Factor D is synthesized by the liver and adipocytes with the latter being the major source. The pro-form of Factor D that is secreted is cleaved by MASP-3 to form the active sequence that circulates in the body. Factor D maintains an extremely high substrate specificity, and as a result has no known natural inhibitors in the body. However, most of Factor D remains in the self-inhibited form that limits substrate access to the catalytic site. Factor D has a molecular weight of 23.5 kD and is present at a concentration of 1.8 mg/L of blood in healthy humans. The synthesis rate of Factor is approximately 1.33 mg/kg/day, and most of Factor D is eliminated through the kidney after catabolism in proximal tubules after re-absorption. The net effect is a high fractional metabolic rate of 60% per hour. In patients with normal kidney function, no Factor D was detectable in urine. However, in patients with renal disease, Factor D was found at elevated levels. The alternative pathway is capable of operating even at low levels of Factor D, and deficiencies in levels of Factor D are rare.

== Role in diseases ==

A point mutation resulting in the replacement of a serine codon (Ser^{42} in the unprocessed methionine form of Factor D) with a stop codon (TAG) in the Factor D gene on chromosome 19 has been documented as a cause of Factor D deficiency. Deficiency in Factor D may cause an increased susceptibility to bacterial infections, specifically Neisseria infections. The mode of inheritance of Factor D deficiency is autosomal recessive, and individuals with a mutation on only one allele may not experience the same susceptibility to reoccurring infections. In a patient with reoccurring infections, complete improvement in the condition was obtained by introducing purified Factor D.
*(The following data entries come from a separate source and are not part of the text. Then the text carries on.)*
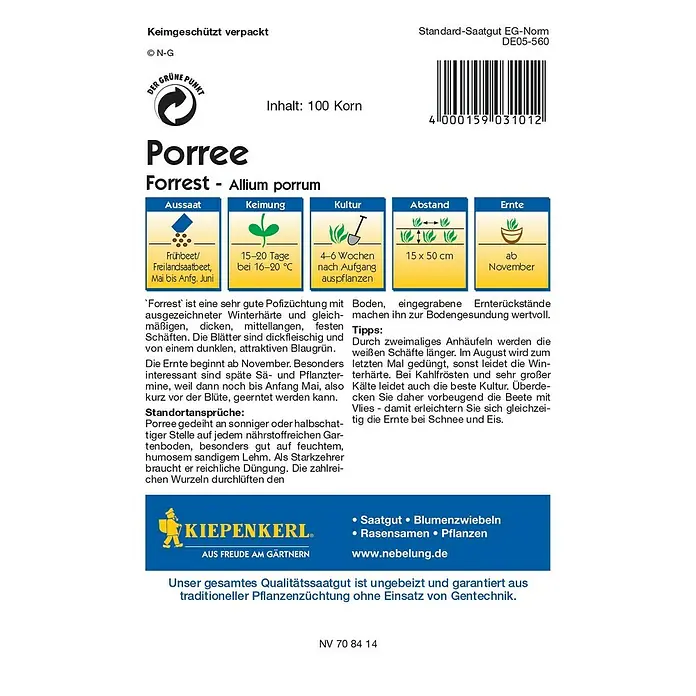Kiepenkerl Profi-Line Gemüsesamen Porree - Forrest, Allium porrum, Erntezeit: November - Abbildung einer Saatguttüte Porree 'Forrest' (Allium porrum) mit Informationen zu Aussaat, Keimung, Kultur, Abstand und Ernte.
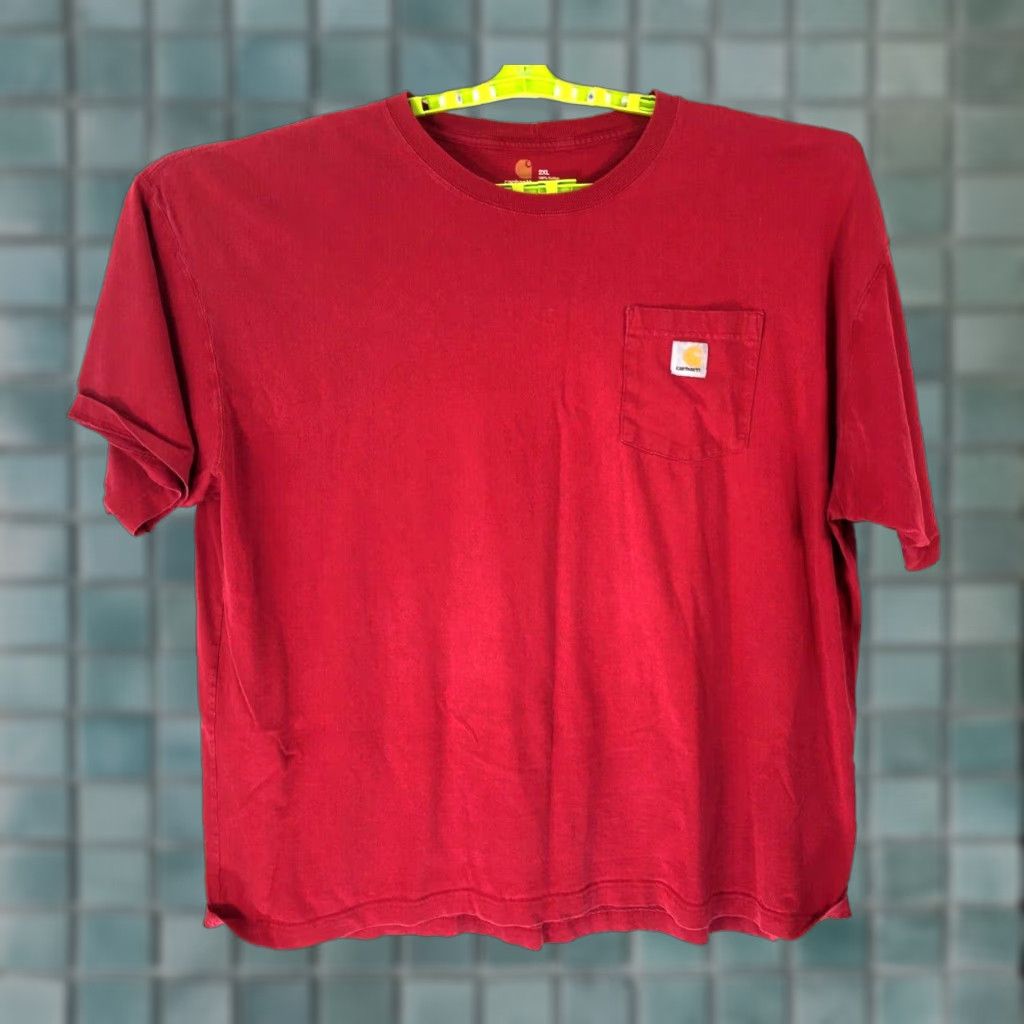 Carhartt VINTAGE Carhatt Knits Mens Casual Regular Short Sleeve Red Basic T Shirt 2XL Size US XXL / EU 58 / 5 - 1 Thumbnail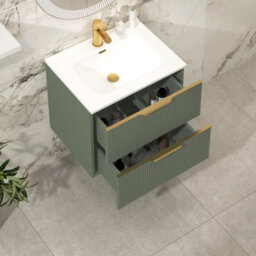 Royal Bathrooms Evora 700mm Sage Green Fluted Wall Hung Bathroom Vanity Unit 2 Drawer With Ceramic Basin & Brushed Brass Handles - thumbnail 4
Diseases with excessive complement activation include paroxysmal nocturnal hemoglobinuria (PNH), and inhibitors of Factor D may have utility in the treatment of PNH. Small molecule inhibitors of Factor D are under development for the treatment of PNH, and one small molecule inhibitor, ACH-4471, has shown promise in a Phase 2 clinical trial for Factor D inhibition when combined with eculizumab. Patients treated with Factor D inhibitors must be immunized against infections in order to avoid reoccurring infections as in patients with Factor D deficiency.